**Data block**
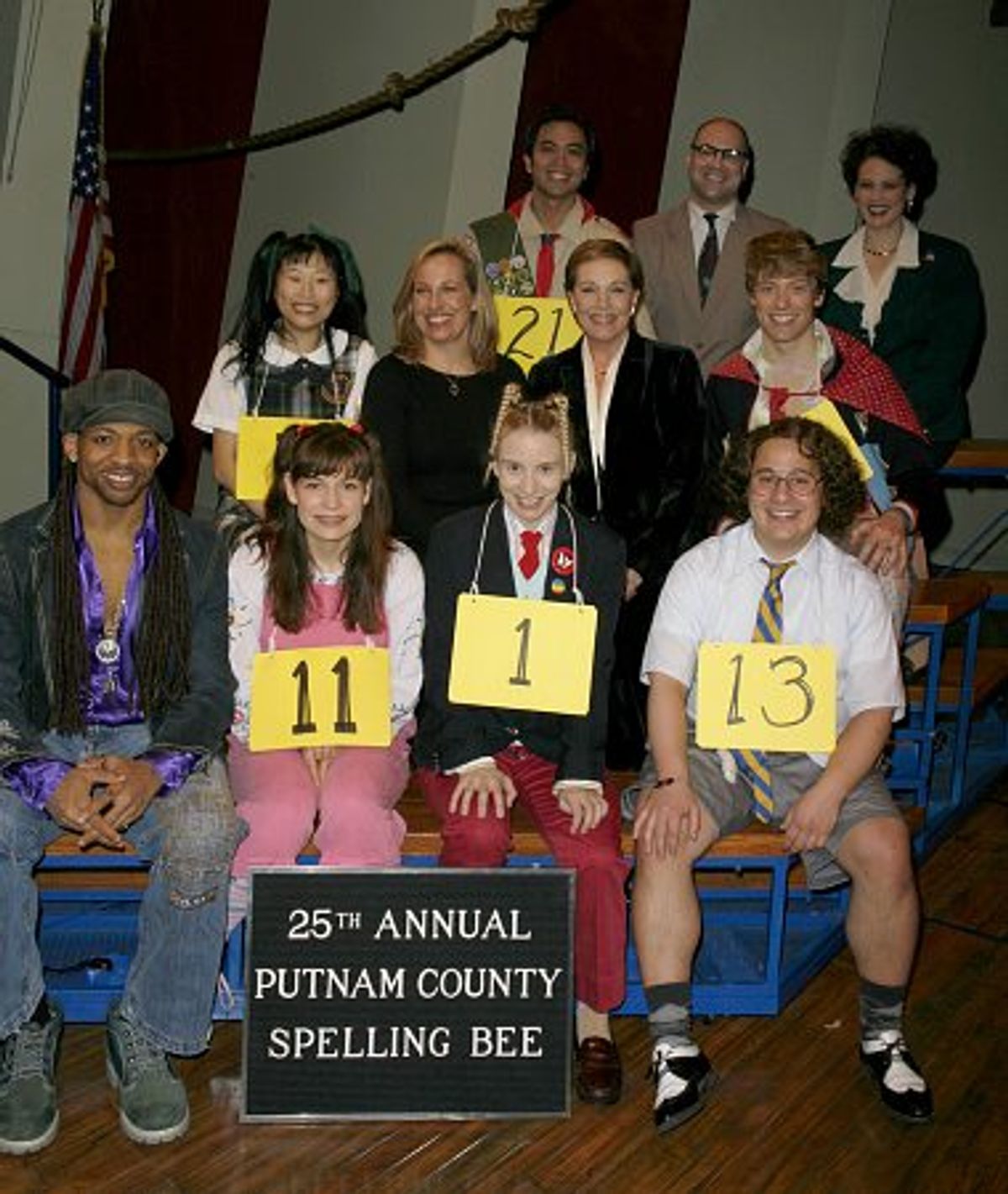(Bottom row) Derrick Baskin, Jessica-Snow Wilson, Sarah Saltzberg and Jared Gertner; (Middle row) Deborah S. Craig, Emma Walton Hamilton, Julie Andrews, Barrett Foa; (Top row) Jose Llana, Greg Stuhr and Lisa Howard at 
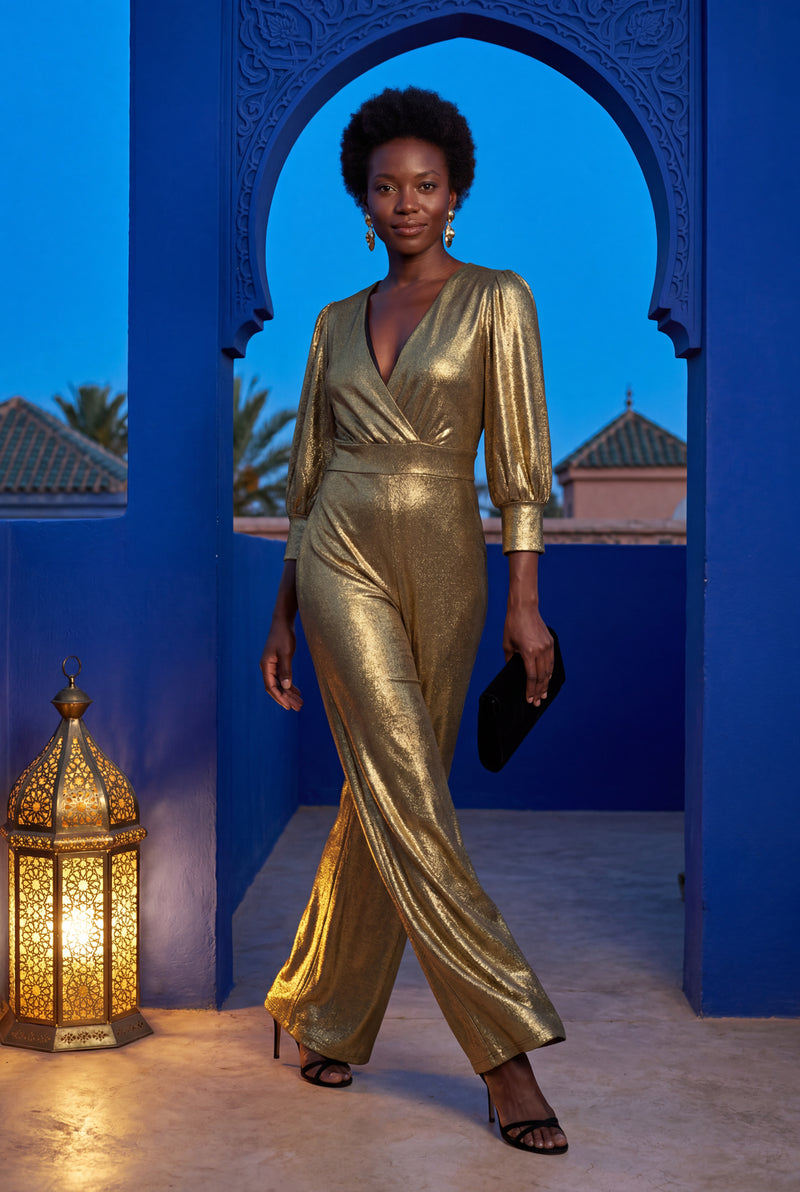 Gold Metallic Wide Leg Wrap Jumpsuit with Three-quarter Sleeves - Wide leg jumpsuit - Photo 4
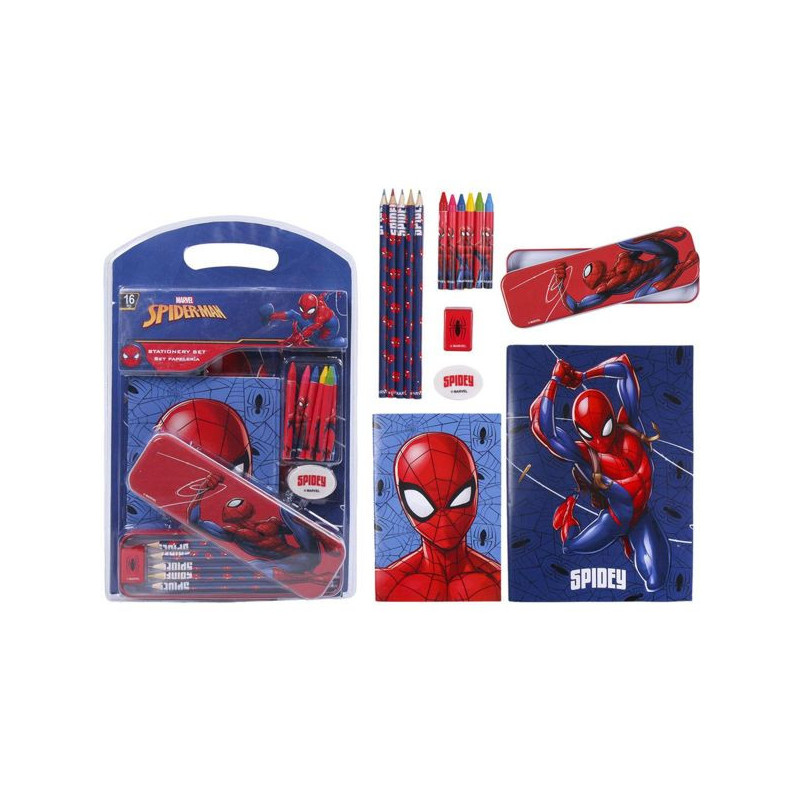 Imagen set de papelería escolar spiderman marvel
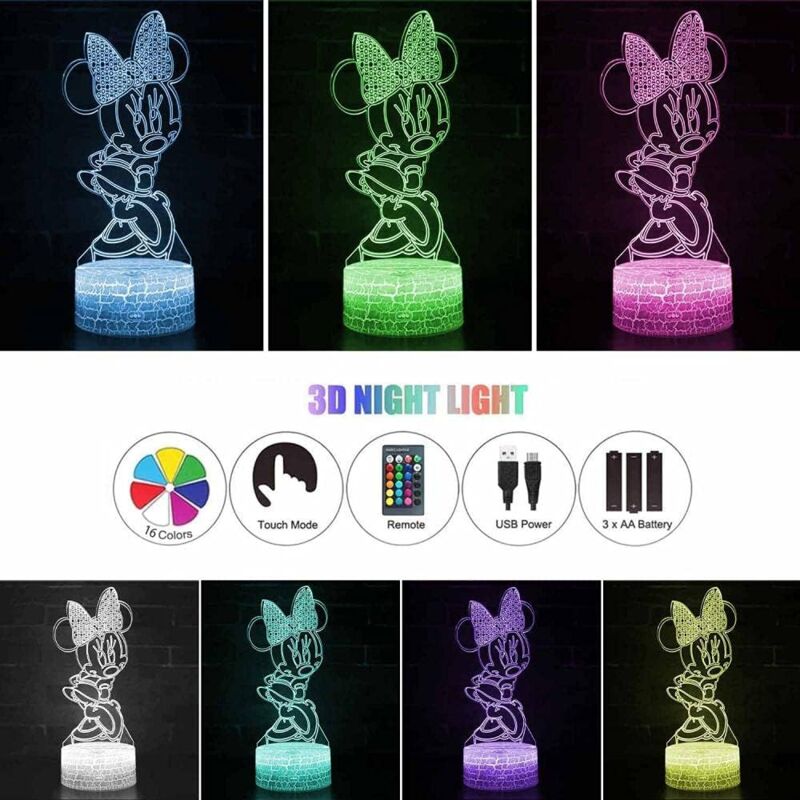 Lampada da illusione Lampada da notte Minnie Mouse Luce notturna a LED 3D con controllo touch Regalo di compleanno di Natale per bambini [Classe energetica A+++]-RAPANDA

**What you need to do**
Print the full listing again exactly, and drop every image from it.

**Exercise result**
(Bottom row) Derrick Baskin, Jessica-Snow Wilson, Sarah Saltzberg and Jared Gertner; (Middle row) Deborah S. Craig, Emma Walton Hamilton, Julie Andrews, Barrett Foa; (Top row) Jose Llana, Greg Stuhr and Lisa Howard at 
 Gold Metallic Wide Leg Wrap Jumpsuit with Three-quarter Sleeves - Wide leg jumpsuit - Photo 4
 Imagen set de papelería escolar spiderman marvel
 Lampada da illusione Lampada da notte Minnie Mouse Luce notturna a LED 3D con controllo touch Regalo di compleanno di Natale per bambini [Classe energetica A+++]-RAPANDA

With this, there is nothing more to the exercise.